Bunun Avrupa’da güçlü tepkilere yol açtığının farkındayım, süreçteki yavaşlamanın ya da Avrupa’daki isteksizliğin Türkiye’de yakın geçmişte gözlenen kimi yönelim değişikliklerinin kökenindeki baş faktör olduğunu da düşünmüyorum. Gördüğümüz şey, Türkiye’nin içindeki demokratik bir çatışma. Ancak bu, kaçınılmaz bir şekilde Türk halkının Avrupa’ya bakışını etkileyecek. Eğer kendilerini Avrupa ailesinin bir parçası gibi hissetmezlerse, o zaman elbette ki işbirliği ve dostluğu başka yerlerde arayacaklardır.

Nükleer konu üzerinde İran’la bir anlaşma için arabuluculuk yapma teşebbüsü gibi, bazı şeyler talihsizdi. Bunların arkasındaki motivasyonun, Türkiye’nin İran’la uzun bir sınıra sahip olması ve bölgede hiçbir çatışma istememesi olduğuna inanıyorum.
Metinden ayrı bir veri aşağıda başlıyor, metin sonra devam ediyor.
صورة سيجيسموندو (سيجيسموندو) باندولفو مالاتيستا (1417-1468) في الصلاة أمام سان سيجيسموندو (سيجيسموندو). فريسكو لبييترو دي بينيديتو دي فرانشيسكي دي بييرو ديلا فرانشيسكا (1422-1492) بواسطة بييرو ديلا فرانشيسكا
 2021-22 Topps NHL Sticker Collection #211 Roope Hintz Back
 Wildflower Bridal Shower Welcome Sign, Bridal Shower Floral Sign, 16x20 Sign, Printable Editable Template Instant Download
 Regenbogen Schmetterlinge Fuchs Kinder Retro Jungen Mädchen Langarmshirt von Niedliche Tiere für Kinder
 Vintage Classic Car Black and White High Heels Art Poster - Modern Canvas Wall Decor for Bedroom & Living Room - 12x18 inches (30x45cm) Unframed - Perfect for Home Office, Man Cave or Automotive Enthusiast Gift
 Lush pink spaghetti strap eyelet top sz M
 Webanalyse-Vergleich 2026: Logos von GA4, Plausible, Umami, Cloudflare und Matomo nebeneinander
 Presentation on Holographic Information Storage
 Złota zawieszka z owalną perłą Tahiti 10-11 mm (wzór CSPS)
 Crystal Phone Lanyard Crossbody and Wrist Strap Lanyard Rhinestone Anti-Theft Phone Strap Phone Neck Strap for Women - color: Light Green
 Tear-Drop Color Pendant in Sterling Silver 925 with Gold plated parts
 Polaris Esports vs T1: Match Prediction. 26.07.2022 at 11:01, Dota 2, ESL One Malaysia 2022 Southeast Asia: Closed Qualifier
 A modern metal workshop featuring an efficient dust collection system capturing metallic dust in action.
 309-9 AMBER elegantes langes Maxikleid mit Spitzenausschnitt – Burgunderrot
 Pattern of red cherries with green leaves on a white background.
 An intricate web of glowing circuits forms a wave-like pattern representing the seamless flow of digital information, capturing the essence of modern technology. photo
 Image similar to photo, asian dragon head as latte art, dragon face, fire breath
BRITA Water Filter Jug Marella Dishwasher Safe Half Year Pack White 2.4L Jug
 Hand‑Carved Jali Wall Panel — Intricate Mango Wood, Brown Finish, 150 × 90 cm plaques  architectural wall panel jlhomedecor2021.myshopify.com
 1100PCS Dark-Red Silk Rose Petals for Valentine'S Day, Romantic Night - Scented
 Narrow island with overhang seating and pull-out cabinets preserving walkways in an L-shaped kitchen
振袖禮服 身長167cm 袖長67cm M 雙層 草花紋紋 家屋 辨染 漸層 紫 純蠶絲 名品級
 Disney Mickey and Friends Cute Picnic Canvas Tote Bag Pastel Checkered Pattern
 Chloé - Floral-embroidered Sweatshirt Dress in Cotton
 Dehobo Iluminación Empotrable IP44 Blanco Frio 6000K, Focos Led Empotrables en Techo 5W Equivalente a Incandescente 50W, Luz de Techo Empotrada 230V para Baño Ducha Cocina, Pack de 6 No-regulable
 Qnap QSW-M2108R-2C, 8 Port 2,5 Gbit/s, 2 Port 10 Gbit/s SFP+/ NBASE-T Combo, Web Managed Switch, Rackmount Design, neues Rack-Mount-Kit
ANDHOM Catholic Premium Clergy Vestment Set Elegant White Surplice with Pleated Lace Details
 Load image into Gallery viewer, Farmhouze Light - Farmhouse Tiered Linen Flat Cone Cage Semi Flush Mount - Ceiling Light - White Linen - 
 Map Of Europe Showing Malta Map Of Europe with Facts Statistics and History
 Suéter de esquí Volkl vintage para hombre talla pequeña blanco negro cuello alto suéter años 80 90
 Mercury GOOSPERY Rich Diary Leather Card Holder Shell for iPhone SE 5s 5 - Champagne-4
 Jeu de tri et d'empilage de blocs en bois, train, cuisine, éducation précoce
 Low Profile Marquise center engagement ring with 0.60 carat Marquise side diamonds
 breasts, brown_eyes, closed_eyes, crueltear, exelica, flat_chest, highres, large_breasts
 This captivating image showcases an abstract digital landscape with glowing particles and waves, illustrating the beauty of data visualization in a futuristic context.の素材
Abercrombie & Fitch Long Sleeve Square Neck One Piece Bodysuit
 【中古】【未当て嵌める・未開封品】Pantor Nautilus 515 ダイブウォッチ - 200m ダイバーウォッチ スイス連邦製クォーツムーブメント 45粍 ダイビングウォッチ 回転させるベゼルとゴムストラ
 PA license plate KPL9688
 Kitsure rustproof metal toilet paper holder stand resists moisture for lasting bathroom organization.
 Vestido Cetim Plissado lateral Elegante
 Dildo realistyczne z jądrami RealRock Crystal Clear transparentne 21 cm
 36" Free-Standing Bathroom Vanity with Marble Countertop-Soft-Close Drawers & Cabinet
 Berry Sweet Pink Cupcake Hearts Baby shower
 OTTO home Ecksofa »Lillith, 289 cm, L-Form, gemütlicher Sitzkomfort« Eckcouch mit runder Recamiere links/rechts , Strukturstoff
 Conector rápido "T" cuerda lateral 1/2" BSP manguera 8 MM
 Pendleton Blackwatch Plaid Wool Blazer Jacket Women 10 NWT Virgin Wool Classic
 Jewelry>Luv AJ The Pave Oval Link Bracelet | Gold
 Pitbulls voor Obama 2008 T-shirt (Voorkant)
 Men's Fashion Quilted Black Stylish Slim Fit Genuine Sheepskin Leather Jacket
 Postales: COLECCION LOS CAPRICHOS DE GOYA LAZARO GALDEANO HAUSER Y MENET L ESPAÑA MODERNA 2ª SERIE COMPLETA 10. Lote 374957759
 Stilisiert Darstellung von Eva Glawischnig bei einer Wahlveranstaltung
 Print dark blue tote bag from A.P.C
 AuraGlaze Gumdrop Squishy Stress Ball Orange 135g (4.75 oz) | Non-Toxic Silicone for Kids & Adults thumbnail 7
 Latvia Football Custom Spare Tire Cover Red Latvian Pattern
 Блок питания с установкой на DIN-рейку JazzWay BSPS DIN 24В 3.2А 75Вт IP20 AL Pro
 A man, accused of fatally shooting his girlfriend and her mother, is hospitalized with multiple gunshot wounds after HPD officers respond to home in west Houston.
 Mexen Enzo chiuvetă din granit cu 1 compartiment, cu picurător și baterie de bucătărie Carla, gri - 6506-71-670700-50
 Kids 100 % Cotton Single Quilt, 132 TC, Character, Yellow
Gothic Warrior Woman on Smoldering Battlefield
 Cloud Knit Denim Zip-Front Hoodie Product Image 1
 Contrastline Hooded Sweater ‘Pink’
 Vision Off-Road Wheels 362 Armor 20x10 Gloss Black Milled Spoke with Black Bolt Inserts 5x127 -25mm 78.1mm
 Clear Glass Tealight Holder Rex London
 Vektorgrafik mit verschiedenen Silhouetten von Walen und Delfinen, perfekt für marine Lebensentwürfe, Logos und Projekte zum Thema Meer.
Ayrıca kendisini yükselen güç olarak gören Brezilya ile birlikte bir güç gösterisi amaçlanmış da olabilir.

Yapabileceğimiz, bağı sürdürmek ve büyük Müslüman demokrasi olan Türkiye’nin özel doğasına karşı korkuyla hareket etmek yerine saygı göstererek Batı’yla entegrasyonun yararlarını ortaya koymaktır. Evrensel haklara ve devletin laikliğine saygı gösteren bir İslam’ı temsil etmeyi başarırlarsa ve İslam dünyasında pozitif bir etkiye sahip olabilirlerse, bu bizim için potansiyel olarak çok iyi olur.